7. Ook als de rechter het beleid niet onredelijk heeft bevonden, moet verweerder bij de toepassing daarvan in een individueel geval beoordelen of die toepassing in overeenstemming is met de hiervoor bedoelde wettelijke eisen aan de uitoefening van de boetebevoegdheid. Steeds moet de boete, zo nodig in aanvulling op of in afwijking van het beleid, zo worden vastgesteld dat deze evenredig is. De rechter toetst het besluit van het bestuursorgaan zonder terughoudendheid.

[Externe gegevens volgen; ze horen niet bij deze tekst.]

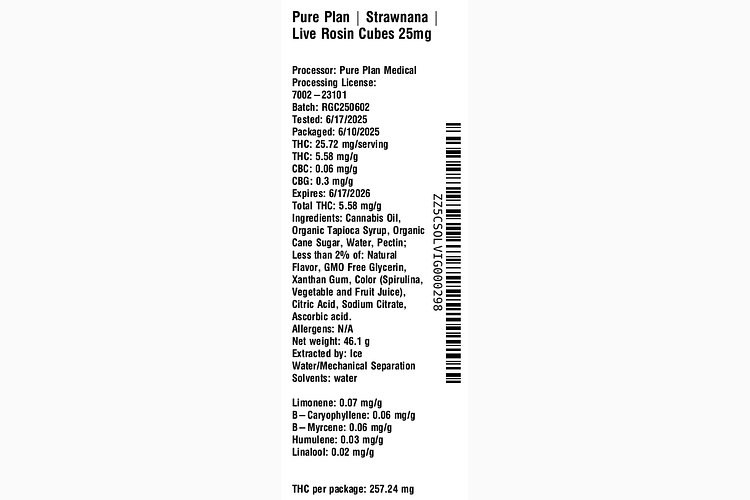 Strawnana by Pure Plan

8. De rechtbank volgt eiseres niet in haar standpunt dat sprake is van tegenstrijdigheden in de besluitvorming. Eiseres heeft bescheiden (zoals loonstrookjes) overgelegd, maar verweerder heeft daarnaast handgeschreven urenstaten gevonden die sterke twijfel zaaien over de juistheid van de door eiseres ingeleverde officiële administratie. Eiseres heeft tot op heden voor die verschillen geen verklaring gegeven. Ook de verklaringen die de werknemers hebben afgelegd lopen uiteen; een aantal verklaart alle uren giraal betaald te hebben gekregen, maar werknemer [naam 2] verklaart dat een deel van het loon contant werd uitbetaald. Verweerder heeft zich daarom terecht op het standpunt gesteld dat hij niet in staat was te berekenen welk loon eiseres nog zou moeten nabetalen, omdat daarvoor betrouwbare gegevens ontbreken.
9. In situaties waarin verwijtbaarheid volledig ontbreekt, wordt van boeteoplegging afgezien. Een verminderde mate van verwijtbaarheid kan aanleiding geven de opgelegde boete te matigen. Daarvan is in dit geval niet gebleken. Reden voor matiging van de opgelegde boete kan ook bestaan indien op basis van de door de beboete werkgever overgelegde financiële gegevens moet worden geoordeeld dat hij door de opgelegde boete onevenredig wordt getroffen.
10. Voorstelbaar is dat eiseres zwaar te lijden heeft gehad door de maatregelen vanwege de covid-19-coronacrisis – al heeft de overheid voor ondernemers ondersteunende maatregelen in het leven geroepen – maar eiseres heeft ook in beroep geen onderbouwing gegeven voor het standpunt dat de boetes niet door haar vennoten kunnen worden opgebracht.
11. Het voorgaande leidt tot de conclusie dat de beroepsgronden geen doel treffen.
12. Het beroep is ongegrond. Voor een proceskostenveroordeling bestaat geen aanleiding.